Crypto's top VC is playing the long game

Katie Haun, a top crypto cop turned venture capitalist is now one of the most powerful women in Silicon Valley, with more than $2 billion at her fingertips

By Andrew Ross Sorkin and Ephrat Livni
Published: Jun 28, 2021

Katie Haun, who created the first federal cryptocurrency task force as a prosecutor in the Justice Department, in San Francisco, June 23, 2021. Haun will co-chair a $2.2 billion crypto fund Andreessen Horowitz announced this week. (Ian C. Bates/The New York Times)

A top crypto cop turned venture capitalist is now one of the most powerful women in Silicon Valley, with more than $2 billion at her fingertips.

Katie Haun, who created the first federal cryptocurrency task force as a prosecutor in the Justice Department, will co-chair a $2.2 billion crypto fund that Andreessen Horowitz announced this past week. She is a general partner at the venture capital fund and an independent director at crypto exchange Coinbase. Chris Dixon, also a general partner at Andreessen, will be the fund’s other co-chair.

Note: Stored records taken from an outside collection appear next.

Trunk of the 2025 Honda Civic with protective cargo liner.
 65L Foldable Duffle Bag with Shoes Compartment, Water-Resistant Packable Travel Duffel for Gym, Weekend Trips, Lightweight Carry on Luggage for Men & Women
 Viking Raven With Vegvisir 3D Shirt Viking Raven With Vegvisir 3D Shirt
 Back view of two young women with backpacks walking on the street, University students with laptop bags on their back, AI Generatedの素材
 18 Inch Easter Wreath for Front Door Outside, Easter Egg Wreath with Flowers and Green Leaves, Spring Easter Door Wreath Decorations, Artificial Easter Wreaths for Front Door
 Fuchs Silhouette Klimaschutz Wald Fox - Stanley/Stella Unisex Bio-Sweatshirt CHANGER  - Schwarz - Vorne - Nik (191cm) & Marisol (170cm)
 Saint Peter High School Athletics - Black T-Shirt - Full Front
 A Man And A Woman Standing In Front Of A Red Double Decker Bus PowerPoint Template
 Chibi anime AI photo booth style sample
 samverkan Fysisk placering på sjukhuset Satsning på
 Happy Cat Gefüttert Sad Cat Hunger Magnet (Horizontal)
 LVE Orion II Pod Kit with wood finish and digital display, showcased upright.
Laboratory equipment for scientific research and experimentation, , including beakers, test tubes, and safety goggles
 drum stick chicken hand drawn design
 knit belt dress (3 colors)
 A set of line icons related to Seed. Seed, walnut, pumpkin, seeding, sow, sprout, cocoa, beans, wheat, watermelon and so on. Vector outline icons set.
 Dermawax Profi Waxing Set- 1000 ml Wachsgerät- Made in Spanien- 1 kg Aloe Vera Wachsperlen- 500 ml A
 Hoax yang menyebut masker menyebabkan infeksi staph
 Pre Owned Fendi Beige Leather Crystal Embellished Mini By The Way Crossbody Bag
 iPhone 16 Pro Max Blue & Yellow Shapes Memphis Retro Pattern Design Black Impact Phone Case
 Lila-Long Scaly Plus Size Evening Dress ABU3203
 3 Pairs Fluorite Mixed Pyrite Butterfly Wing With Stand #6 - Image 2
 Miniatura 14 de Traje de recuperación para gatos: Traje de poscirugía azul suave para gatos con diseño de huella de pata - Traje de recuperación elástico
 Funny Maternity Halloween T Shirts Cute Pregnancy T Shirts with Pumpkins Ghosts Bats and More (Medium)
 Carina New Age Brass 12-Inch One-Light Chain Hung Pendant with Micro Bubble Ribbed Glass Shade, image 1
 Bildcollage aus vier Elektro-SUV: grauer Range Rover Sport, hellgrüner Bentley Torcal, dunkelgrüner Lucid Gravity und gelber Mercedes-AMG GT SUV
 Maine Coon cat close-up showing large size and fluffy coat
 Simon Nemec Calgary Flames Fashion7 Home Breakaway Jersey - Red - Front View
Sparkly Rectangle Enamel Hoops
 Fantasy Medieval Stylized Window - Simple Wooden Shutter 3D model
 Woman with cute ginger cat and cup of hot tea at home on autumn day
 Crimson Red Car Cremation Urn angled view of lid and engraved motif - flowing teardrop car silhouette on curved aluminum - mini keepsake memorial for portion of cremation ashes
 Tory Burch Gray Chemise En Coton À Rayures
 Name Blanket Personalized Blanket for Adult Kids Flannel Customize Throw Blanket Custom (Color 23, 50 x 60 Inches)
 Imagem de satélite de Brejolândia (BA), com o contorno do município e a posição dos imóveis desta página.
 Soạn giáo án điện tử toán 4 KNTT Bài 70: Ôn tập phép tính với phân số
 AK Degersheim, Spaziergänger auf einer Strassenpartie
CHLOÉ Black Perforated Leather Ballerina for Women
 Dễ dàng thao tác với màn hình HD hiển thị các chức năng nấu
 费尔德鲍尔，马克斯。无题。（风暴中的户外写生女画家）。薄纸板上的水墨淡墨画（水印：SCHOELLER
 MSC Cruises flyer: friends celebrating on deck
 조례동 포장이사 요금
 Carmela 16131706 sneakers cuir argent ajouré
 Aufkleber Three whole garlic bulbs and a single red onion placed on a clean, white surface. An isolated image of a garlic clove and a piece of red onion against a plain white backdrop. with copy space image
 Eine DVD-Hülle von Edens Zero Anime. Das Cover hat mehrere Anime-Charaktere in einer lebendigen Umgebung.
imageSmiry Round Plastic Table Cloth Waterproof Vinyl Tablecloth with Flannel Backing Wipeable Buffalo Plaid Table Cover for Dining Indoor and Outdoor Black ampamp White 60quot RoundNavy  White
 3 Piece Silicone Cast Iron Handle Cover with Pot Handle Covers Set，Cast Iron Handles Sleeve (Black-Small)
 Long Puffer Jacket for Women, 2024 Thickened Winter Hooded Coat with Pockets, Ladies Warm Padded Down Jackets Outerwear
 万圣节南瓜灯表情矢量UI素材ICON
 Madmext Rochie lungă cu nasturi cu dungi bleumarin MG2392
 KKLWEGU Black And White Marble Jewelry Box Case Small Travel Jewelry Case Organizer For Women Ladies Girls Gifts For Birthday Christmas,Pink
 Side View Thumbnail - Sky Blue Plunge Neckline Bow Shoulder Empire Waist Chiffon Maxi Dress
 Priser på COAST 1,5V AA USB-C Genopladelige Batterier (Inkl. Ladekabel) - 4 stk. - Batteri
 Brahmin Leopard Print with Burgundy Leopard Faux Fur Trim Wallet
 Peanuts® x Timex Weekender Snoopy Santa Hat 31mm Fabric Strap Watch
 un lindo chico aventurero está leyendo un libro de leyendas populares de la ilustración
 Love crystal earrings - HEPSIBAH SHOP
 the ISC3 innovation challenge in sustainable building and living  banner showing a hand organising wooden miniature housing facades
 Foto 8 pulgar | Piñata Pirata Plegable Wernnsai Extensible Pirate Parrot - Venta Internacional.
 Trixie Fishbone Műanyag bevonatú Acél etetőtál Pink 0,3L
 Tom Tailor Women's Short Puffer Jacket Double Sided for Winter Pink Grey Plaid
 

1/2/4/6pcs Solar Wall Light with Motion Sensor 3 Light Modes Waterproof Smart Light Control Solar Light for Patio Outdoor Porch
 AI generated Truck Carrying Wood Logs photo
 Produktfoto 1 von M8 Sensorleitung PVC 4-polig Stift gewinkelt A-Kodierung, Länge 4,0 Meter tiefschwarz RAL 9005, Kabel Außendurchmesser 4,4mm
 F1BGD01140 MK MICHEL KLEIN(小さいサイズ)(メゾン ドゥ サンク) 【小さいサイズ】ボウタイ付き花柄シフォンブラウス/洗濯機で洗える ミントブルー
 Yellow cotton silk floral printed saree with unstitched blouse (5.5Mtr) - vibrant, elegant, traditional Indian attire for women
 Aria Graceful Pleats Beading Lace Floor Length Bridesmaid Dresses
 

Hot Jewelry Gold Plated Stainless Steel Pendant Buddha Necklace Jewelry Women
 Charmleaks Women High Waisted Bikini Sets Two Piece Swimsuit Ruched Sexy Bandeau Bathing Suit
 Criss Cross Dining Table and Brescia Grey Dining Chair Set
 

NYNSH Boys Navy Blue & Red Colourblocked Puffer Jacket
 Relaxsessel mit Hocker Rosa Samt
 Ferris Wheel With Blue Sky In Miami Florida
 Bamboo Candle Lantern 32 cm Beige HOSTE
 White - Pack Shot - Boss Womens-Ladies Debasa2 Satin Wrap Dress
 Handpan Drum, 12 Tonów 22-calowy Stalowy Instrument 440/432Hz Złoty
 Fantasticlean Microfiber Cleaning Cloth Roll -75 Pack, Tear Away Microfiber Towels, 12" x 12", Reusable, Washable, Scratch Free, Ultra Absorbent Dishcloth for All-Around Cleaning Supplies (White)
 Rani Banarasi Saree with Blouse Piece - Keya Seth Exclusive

This is Andreessen’s third crypto fund. Haun joined the firm in 2018 to co-lead its first dedicated crypto fund, a $300 million commitment. She also co-led Andreessen’s second fund, which launched in 2020 with $515 million. With the latest blockbuster fund, she’ll have a significant hand in shaping the crypto space just as it seems to be going mainstream.

But it’s also a time of uncertainty for crypto. A Chinese regulatory crackdown on Bitcoin is battering prices and raising questions about the value and future regulatory landscape of crypto. She spoke to Andrew Ross Sorkin and Ephrat Livni about the outlook for the burgeoning industry, the geopolitics of blockchain, risk, regulation and the fund’s focus. The interview has been edited and condensed for clarity.

Q: Have we ever seen a government as large as China take the steps that it has taken?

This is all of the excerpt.